I've been addicted to Greek salad lately. All it needs is some MEAT! So I decided to try my hand at souvlaki. Boneless pork sirloin was on sale, so that's what I used. Pork tenderloin is leaner and more tender, but I'm not sure that it would stand up well to an acidic marinade. Also, I was in a hurry so I used my George Foreman grill; it definitely would have been tastier grilled over charcoal! I'm not much of a griller myself but I recently discovered the website Girls at the Grill which has inspired me to learn.

Serves 4

For the pork:
  • 1.5 lbs boneless pork, cut into bite-sized chunks
  • 1/4 cup extra-virgin olive oil
  • 1/4 cup fresh squeezed lemon juice
  • 1 Tbs red wine vinegar
  • 1 Tbs ground coriander
  • 1.5 tsp paprika
  • 1.5 tsp ground cumin
  • 1/4 tsp ground cayenne pepper
  • 2 Tbs fresh oregano leaves, minced (or 2 tsp ground dried Greek oregano)
  • 1 tsp lemon zest
  • 4 cloves garlic, minced or pressed
  • Salt and pepper to taste
For the salad: (pretty much everything in the salad is optional, make your own substitutions as you'd like)
  • About a pound of salad greens. I used a bag of organic spinach salad blend (baby spinach, arugula, and radicchio) and a bag of "Italian salad mix" (romaine hearts and radicchio)
  • Grape tomatoes, cut in half (probably stick to about 4 per salad if you're strictly watching carbs)
  • Shaved red onion (about 1/4-1/2 onion)
  • 1 green pepper, cut into chunks
  • Roasted red pepper, sliced
  • Sliced pepperoncini peppers
  • Pitted Kalamata olives, cut in half
  • 4 oz feta cheese, crumbled (I used reduced-fat tomato basil feta)
  • Oil and vinegar for serving (I used 1 tsp extra-virgin olive oil and lots of red wine vinegar on each salad)
 For the tzatziki sauce:
  • 1 7oz container of plain Greek yogurt, such as Fage or Chobani
  • Half a cucumber, peeled, seeded, and chopped
  • 1 Tbs lemon juice
  • 1 clove garlic, minced, or a pinch of garlic powder
  • Minced fresh dill to taste (I probably used about 2 Tbs)
  • Plenty of salt and pepper, to taste
  1. Whisk together all the ingredients for the pork marinade. Pour it into a gallon ziploc bag along with the pork chunks. Marinate at least 4 hours but preferably overnight or up to 24 hours.
  2. Stir together the tzatziki ingredients and set aside in the refrigerator.
  3. Thread the pork chunks onto skewers, shaking off excess marinade. Grill until nicely charred and cooked through.
  4. While pork is cooking, assemble the salads.
  5. To serve, dress the salads with oil and vinegar. Top with souvlaki skewers and a blob of tzatziki for dipping.
Make-ahead directions: Combine the pork and marinade. Freeze in a single large zipper bag (if you will thaw and cook the whole thing at once) or in individual portions in zipper sandwich bags (to thaw individual portions). Salad cannot be frozen; make it before serving, or a couple of days beforehand.

Friday, January 21, 2011

Pho sho'

Via Wikipedia:

Phở (Vietnamese pronunciation: [fə̃ː]  ( listen)) is a Vietnamese noodle soup, usually served with beef (phở bò) or chicken (phở gà).[1] The soup includes noodles made from rice and is often served with basil, lime, bean sprouts, and peppers that are added to the soup by the consumer.

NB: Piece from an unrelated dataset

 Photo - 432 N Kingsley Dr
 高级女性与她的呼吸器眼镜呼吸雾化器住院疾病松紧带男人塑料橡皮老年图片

I love Pho. I can't do the noodles. What's a girl to do?? Enter shirataki noodles. These babies are made from a root called konjac, and the result has almost no carbs or calories. Unfortunately, I've found few instances where they are an acceptable substitute for pasta. They have a distinct aroma and a slippery texture. However, they are perfect in pho. Being in a soup disguises the texture, and the strong flavors like fish sauce and star anise cover any shirataki funkiness. 

I took some shortcuts for this soup. Rather than making my own broth, I simmered pre-made broth with seasonings and then strained it. I also stuck to sliced beef rather than scavenging the more exotic but authentic add-ins such as tendon and tripe. That being said, my husband (who is extraordinarily picky about Vietnamese food) said that if he was served this in a restaurant, he'd be perfectly happy. Case closed.

Serves 2-4

  • 1 8oz package shirataki noodles
  • 2.5 cups chicken broth
  • 2.5 cups beef broth
  • 4 cloves garlic, smashed and peeled
  • 2" piece of ginger, peeled, sliced, and slices smashed with a knife
  • 2 cinnamon sticks
  • 3 star anise
  • 3 Tbs fish sauce (I like Three Crabs brand)
  • 1 Tbs palm sugar or a packet of Splenda (optional; I did not add this but it would be more authentic)
  • 1 lb steak (I used petite sirloin), sliced across the grain as thinly as possible
  • Mung bean sprouts (I used 2 handfuls, I guess about 2 cups?)
  • One fourth of a red onion, sliced very thin
  • Thai basil (also known as cinnamon basil), loosely torn into pieces
  • Mint leaves, loosely torn into pieces
  • Cilantro leaves, lightly chopped
  • Lime wedges, hoisin sauce, thin-sliced jalapeno peppers or bird chiles, and Sriracha sauce for serving
  1. Rinse the noodles, pat dry, and set aside.
  2. Bring broths, garlic, ginger, cinnamon sticks, anise, and fish sauce to a boil. Reduce heat, cover, and simmer for 20 minutes. Keep warm on low heat until ready to serve.
  3. Meanwhile, in a separate skillet, saute the beef in a little bit of oil over medium-high until brown.
  4. Divide the noodles and sprouts among your bowls. Add the beef, then ladle in the broth (you might want to strain it first, otherwise just try to avoid ladling in the solid items). Cover with lots of herbs and pass lime wedges, hoisin sauce, Sriracha sauce, and sliced chiles at the table. Serve in huge soup bowls with chopsticks and spoons.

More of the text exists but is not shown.